- Manguzi Manguzi
- Coordinates: 26°59′46″S 32°45′07″E﻿ / ﻿26.996°S 32.752°E
- Country: South Africa
- Province: KwaZulu-Natal
- District: uMkhanyakude
- Municipality: uMhlabuyalingana
- Main Place: Manguzi

Area
- • Total: 5.64 km^{2} (2.18 sq mi)
- Elevation: 61 m (200 ft)

Population (2011)
- • Total: 5,534
- • Density: 981/km^{2} (2,540/sq mi)

Racial makeup (2011)
- • Black African: 98.2%
- • Coloured: 0.3%
- • Indian/Asian: 0.4%
- • White: 0.4%
- • Other: 0.8%

First languages (2011)
- • Zulu: 90.8%
- • English: 4.2%
- • Tsonga: 1.4%
- • Other: 3.6%
- Time zone: UTC+2 (SAST)

= KwaNgwanase =

kwaNgwanase, also known as Kosi Bay Town, is a small town in Umkhanyakude District Municipality in the KwaZulu-Natal province of South Africa. It is located some 15 km south of the Mozambique–South Africa border, and is situated near Kosi Bay.

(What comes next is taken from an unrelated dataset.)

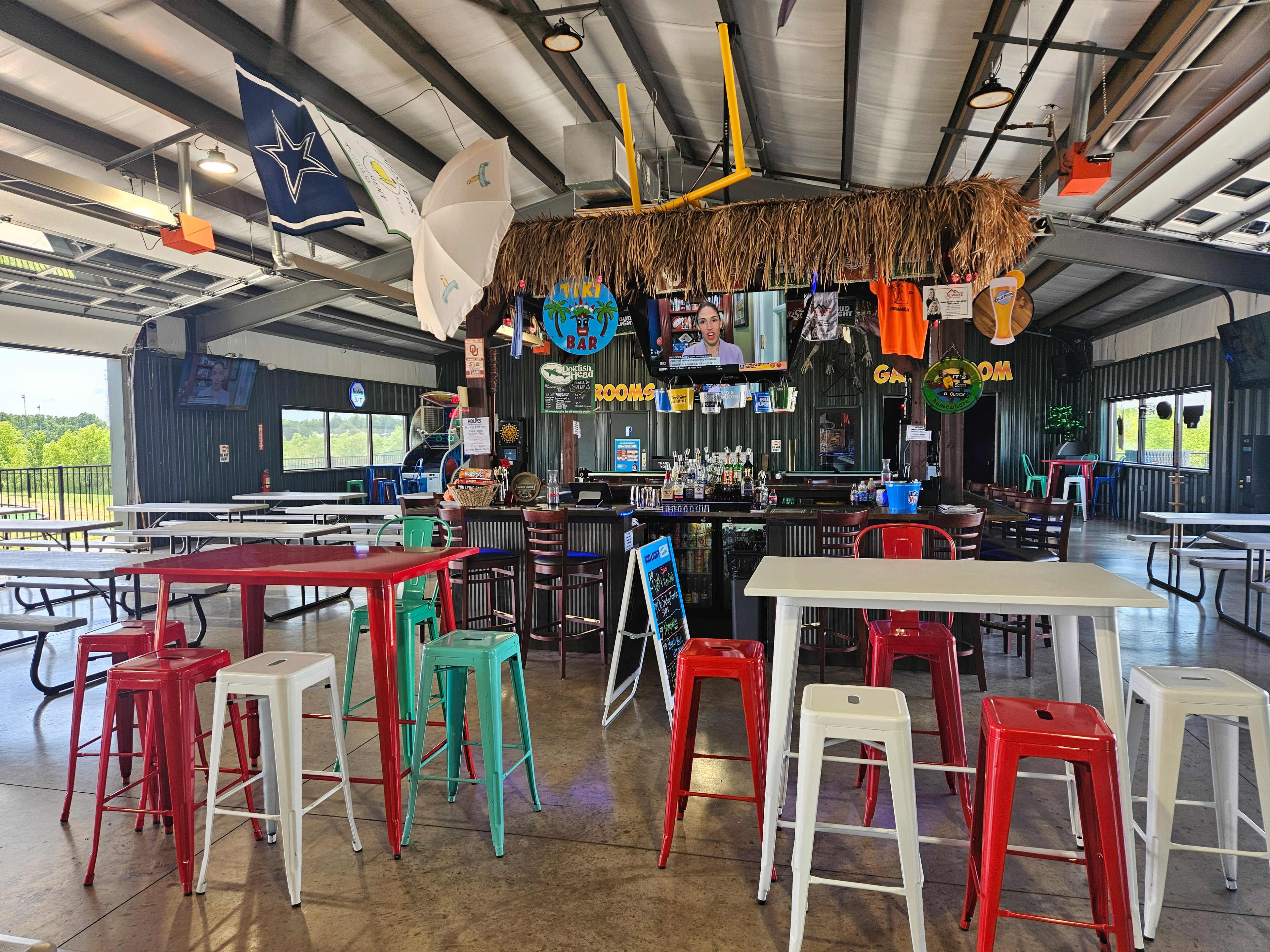 Tiki Bar daytime view with colorful stools and open garage doors at Jungle Ice Fun Zone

KwaNgwanase is located within the traditional territory of the Tembe people, known as EManguzi, which represents the historical homeland of the Tembe.

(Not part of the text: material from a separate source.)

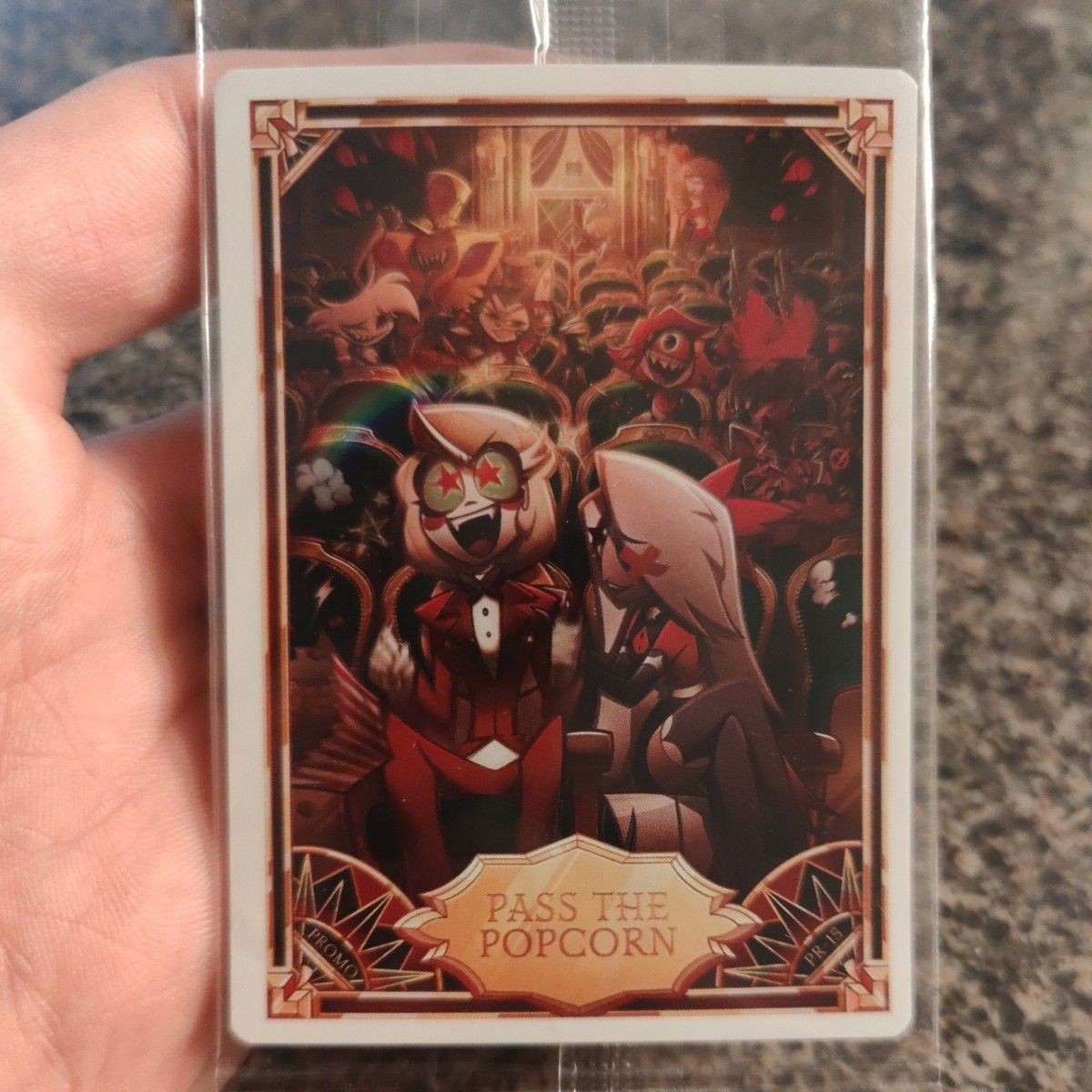 THEHOOPERS ポストカード Hazbin Hotel Pass The Popcorn PROMO Foil Card (PR-15) - Sing Along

The town serves as an administrative and commercial hub for the Tembe Tribal Authority and is associated with the Ngwanase Tembe royal household. The area developed as the central settlement for the Tembe people after their migration from the Tembe Kingdom region near Delagoa Bay (now Maputo Bay, Mozambique) during the 18th century.

==Geography==
The town lies at the edge of the coastal lowlands near Kosi Bay and the foothills of the Lubombo Mountains. It is connected by road to other major towns in KwaZulu-Natal and serves as a gateway for visitors to the surrounding nature reserves and Tembe cultural areas. The town is also located near the Tembe Elephant Park, a protected area known for its population of African elephants and other wildlife, attracting eco-tourism to the region.

==Communications==
The Manguzi Wireless Internet is a project that provides Internet access, e-mail and learning
resources to schools where no telecommunications infrastructure exists utilising a unique combination of radio and satellite broadcasting technologies.

==Healthcare==
Manguzi Hospital, founded by the Methodist Church in 1948, is a 280-bed District (level 1) hospital, managed by the KwaZulu-Natal Department of Health.